Six year old Zane loves creatures with superpowers and in 1993 he is a big fan of the genie in Walt Disney’s Aladdin. He likes to sing “A Whole New World” by Alan Menken and Tim Rice while he plays with his pet chameleon Balthazar.
At the end of February, the television kept talking about a bomb which had gone off in the parking garage of some giant building in New York, killing five people. The man on the TV said the bomb had ended the belief that Americans were safe from attack.
His mom had taken him and Ariel to see Aladdin for a second time at the dollar theater because they had both liked it so much. The movie’s hit song, “A Whole New World,” had just made its way into the number one spot on the charts. Zane sang the title to himself. “A whole new world …” He didn’t sing very well, but Zane had liked the movie. He liked all stories about creatures with special powers, and he thought that the genie was really funny.
Zane was glad that no one else was upstairs with him that day as he sang because after Balthazar gave Zane one of his one-eyed knowing looks, his reptilian skin made its first transition from subtle greens and browns to a spectacular bright orange. Zane grinned. He didn’t know what orange meant with other chameleons, but Zane felt sure that it meant that Balthazar was very happy.
Then Zane took a deep breath. Forcing back his fear, he made himself remember that time last summer. That time he had been so scared. Every so often Zane’s dad made him go outside and play with whoever was around, and he had been playing hide and seek with neighbor boys he didn’t really like because they did more mean things than most. On this day, Zane had taken great pains to conceal himself particularly well because he especially did not like to be “it” with these guys.
As the one boy came close to the bushes in which Zane was so carefully hidden, Zane had noticed his bare foot was still sticking out onto the orange-brown soil. He dare not move it now. So he had thought hard about his foot muscles and did his best to flatten the foot tight against the ground, and to hold it very still. While he did this thing, the skin on his foot had started to burn and itch too. Zane looked at it, alarmed at first, and saw that his foot was blushing. At least, it had turned a shade of red orange brown that mimicked the dirt. And that had been his first inkling that he could do more than make his body’s shape twist and warp a little more than most people could. Zane had watched his orange brown foot in fascination while the neighbor boy ran on by.
Afterwards, Zane worried that he had imagined it. But then every so often after that, Zane’s skin would surprise him, just like his muscles had already sometimes surprised him with what they could do. After awhile, he could feel a color change coming, this kind of burning feeling, and he knew what to expect. So he finally figured that he needed a teacher. A wise teacher. Like Balthazar.

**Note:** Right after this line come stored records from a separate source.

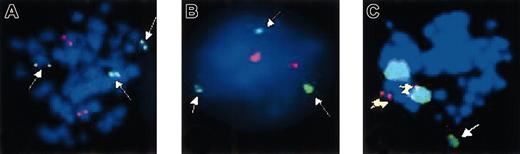 Fig. 4. FISH analysis of patient no. 35 after 11 months on imatinib. / (A) Metaphase and (B) interphase preparations were hybridized with anAML1-ETO translocation probe. The 3 green signals (white arrows) correspond to chromosome 21q22 and indicate a break in this region in one chromosome 21; the 2 red signals correspond to the normal chromosome 8p22. (C) Metaphases were hybridized with a chromosome 3 paint (large green signals) and a locus-specific probe corresponding to chromosome 21q22.13-q22.2 (small red signals). There is colocalization of both probes (yellow arrows). Note the additional green signal corresponding to the translocated part of chromosome 3 (white arrow).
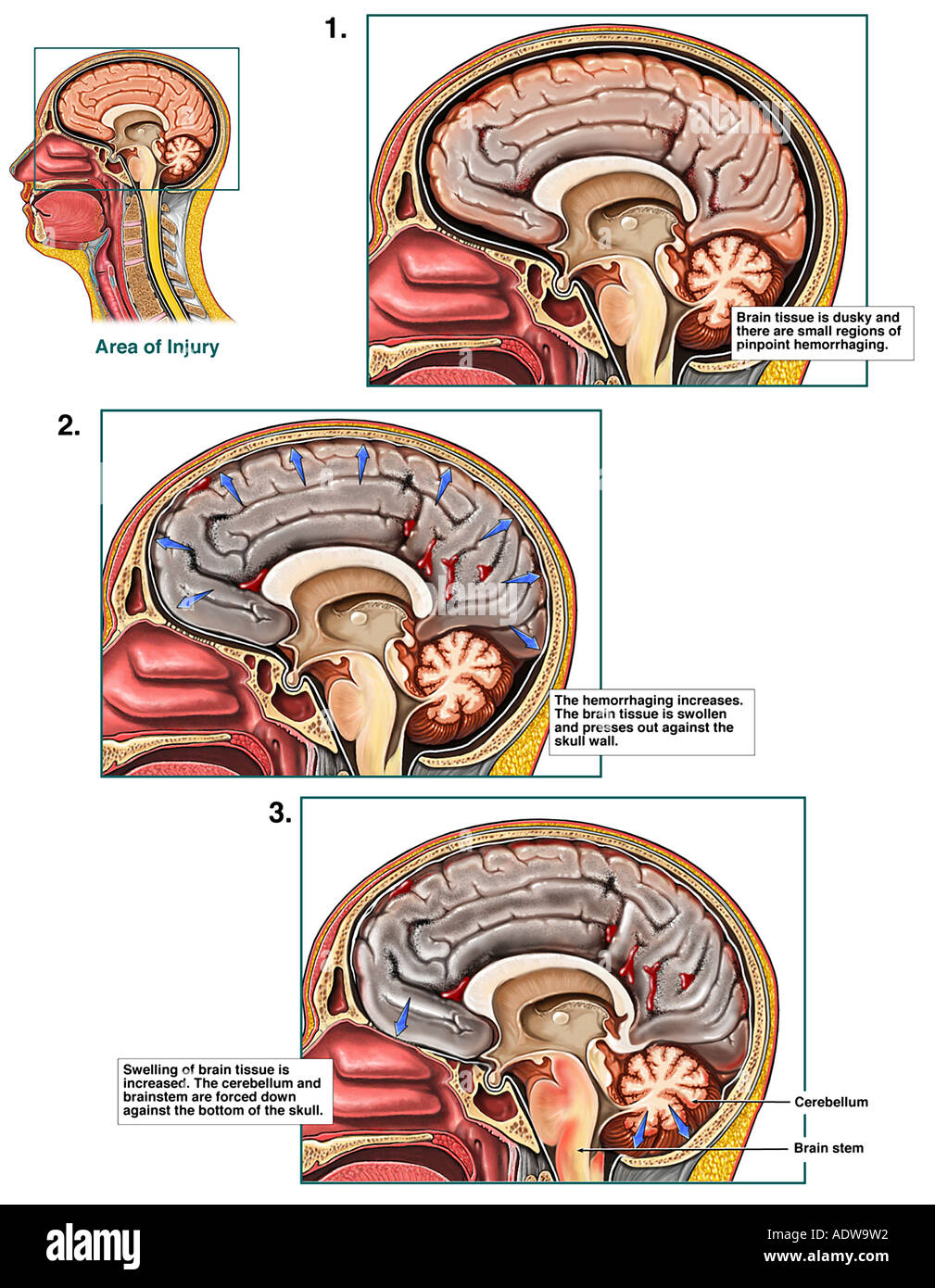 Lack of oxygen to brain hires stock photography and images Alamy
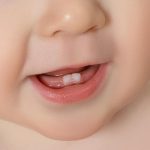 Baby Bottom Teeth V Shape: What to Know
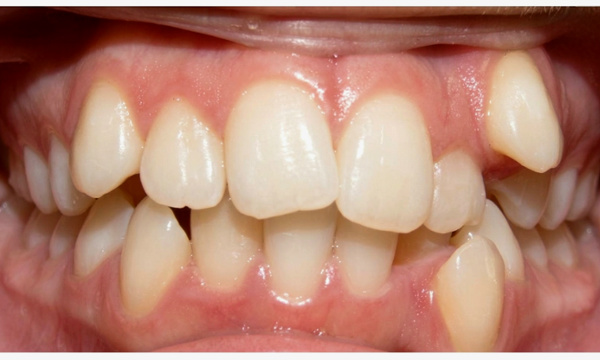 Severe dental crowding and ectopic canine before extraction and metal braces treatment in Miami.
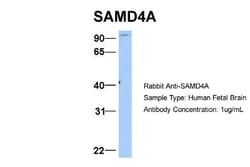 SAMD4A Antibody, Novus Biologicals 0.05mg; Unlabeled:Antibodies, Polyclonal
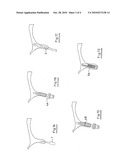 SET OF MOTOR-DRIVEN INSTRUMENTS TO AID THE FIXING OF DENTAL IMPLANTS diagram and image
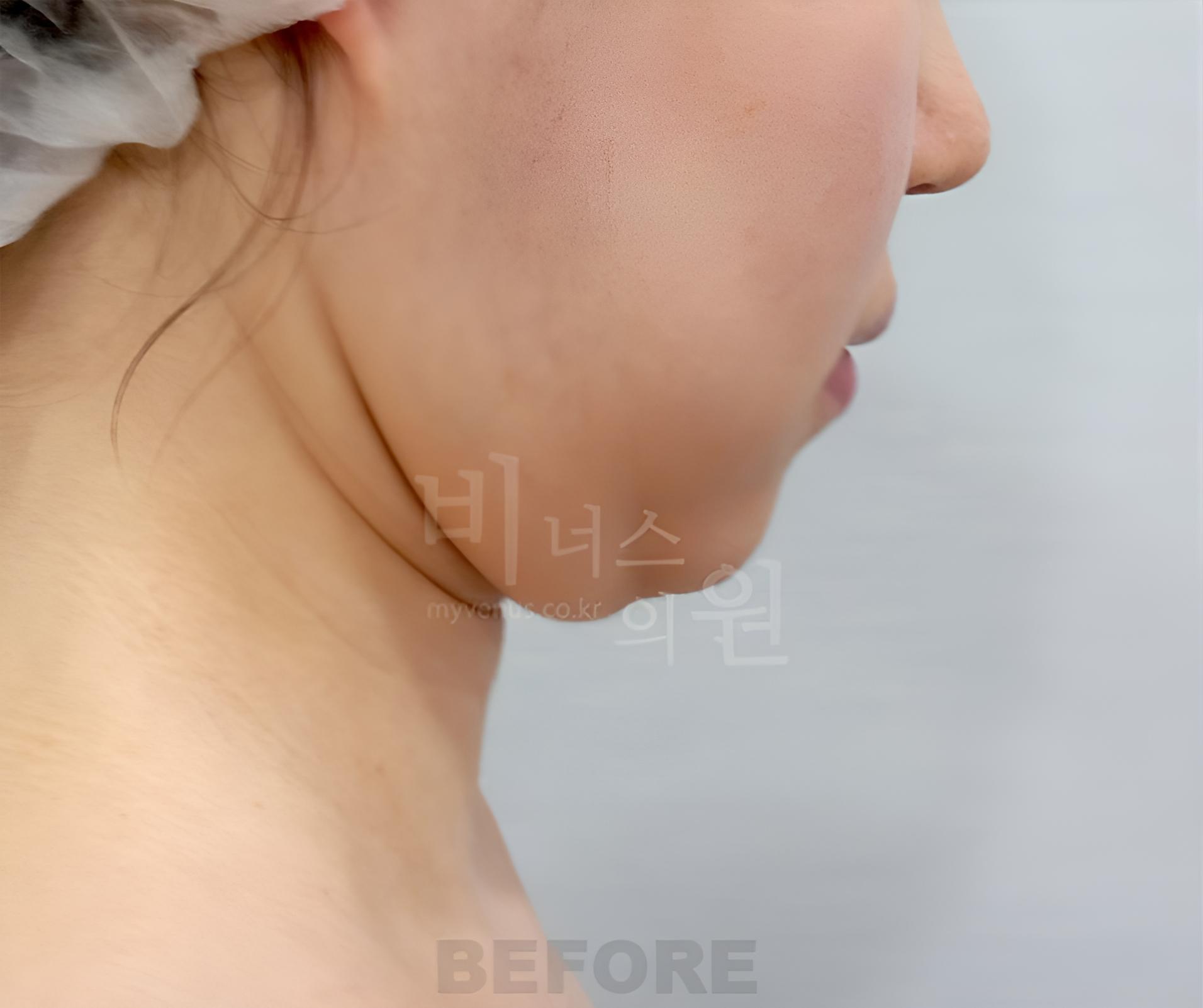 이중턱 지방흡입 수술 전 오른쪽 측면 사진, 턱 밑 볼륨 비너스의원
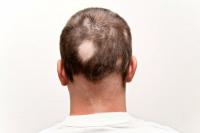 Use home remedies for hair loss effectively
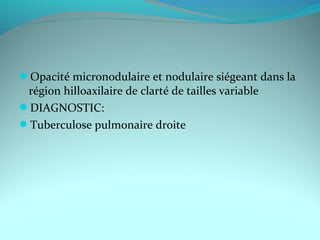 Opacité micronodulaire et nodulaire siégeant dans la
région hilloaxilaire de clarté de tailles variable
DIAGNOSTIC:
Tuberculose pulmonaire droite
 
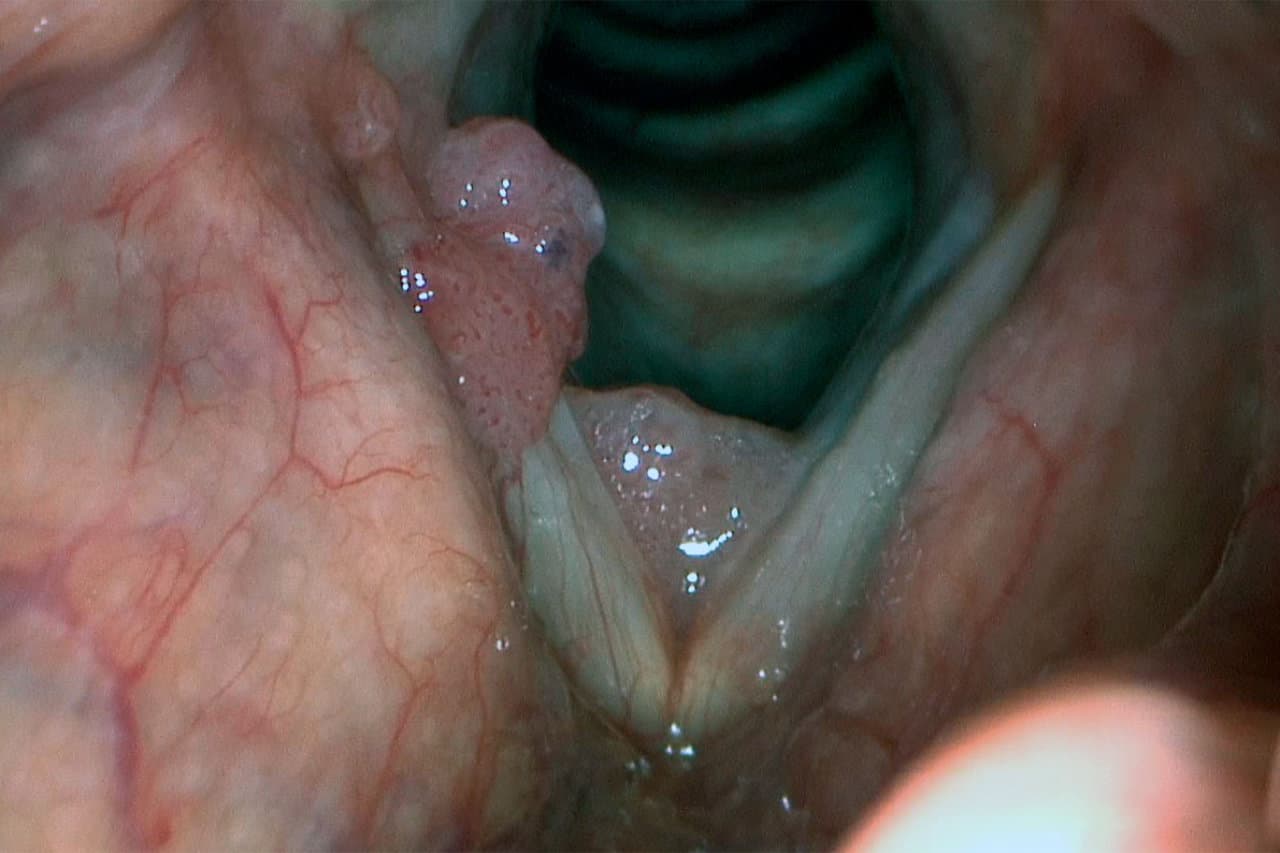 ларингоскопія рак голосових зв'язок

Zane watched the chameleon’s orange skin with fascination.
“Can I learn to do that when I want to, wise one?” he asked.
He tried hard to make the feeling inside that he felt when his skin did this all by itself. He concentrated hard on his arm. At first nothing happened. Then, yes. He felt the feeling. He made the feeling. His skin on his arm went from its normal light tan to a tan orange.
“You and I are going to be great friends,” Zane told the chameleon quietly. “You are going to help teach me ways to fight the bullies in this world. And you are the only one who is going to get to know just how really strange I am.”
Zane could have sworn that Balthazar turned even brighter in delight.
Options for Disney songs are limited, so I was delighted to find this beautiful video of contestant Lenisa singing “A Whole New World” for The Voice Kid Australia 2014. Her initial nervousness, the tension of her family, the responses of the potential coaches and her final triumph at the end will all put a lump in the throat of any viewer. You may or may not want to continue onward to see which coaches she picks, but please, do enjoy her voice.
You can buy six year old Zane’s favorite song at Amazon.com
2. “1999” by Prince
Thirteen year old Zane is waiting for the year 2000 while singing “1999” by Prince from the album 1999.
While Zane struggled to flex his orbicularis oculi, a small but industrious segment of the world’s population was spending much of its time confronting the possibility of chaos and doom. These computer programmers, mostly aging geeks who knew machine code and legacy programming languages like Fortran, Basic and C, found themselves hired by companies the world over to fight small personal battles with ancient (that would be 1950 through 1980) software. Their mission? To see that computers, and all the myriad of utilities, finances, government records, shipping, and communications now largely run by these machines, would not all come to a grinding halt because decades ago well-meaning programmers just like themselves had told computers that years only had two digits.
As the year 1999 neared its end, another segment of the world’s population wrote increasingly horrific articles about this villain, dubbed Y2K, telling of confused computers leading to the end of modern society. As the end of December approached, security forces the world over went quietly on the highest of alerts. Just in case.
Prince’s 1982 hit “1999” was re-released again in time for year’s end, and at least seven other recording artists did timely covers of the song, leaving much of the world’s population singing that they personally intended to start partying like it was 1999. It was an exciting time to be alive, this end of a millennium.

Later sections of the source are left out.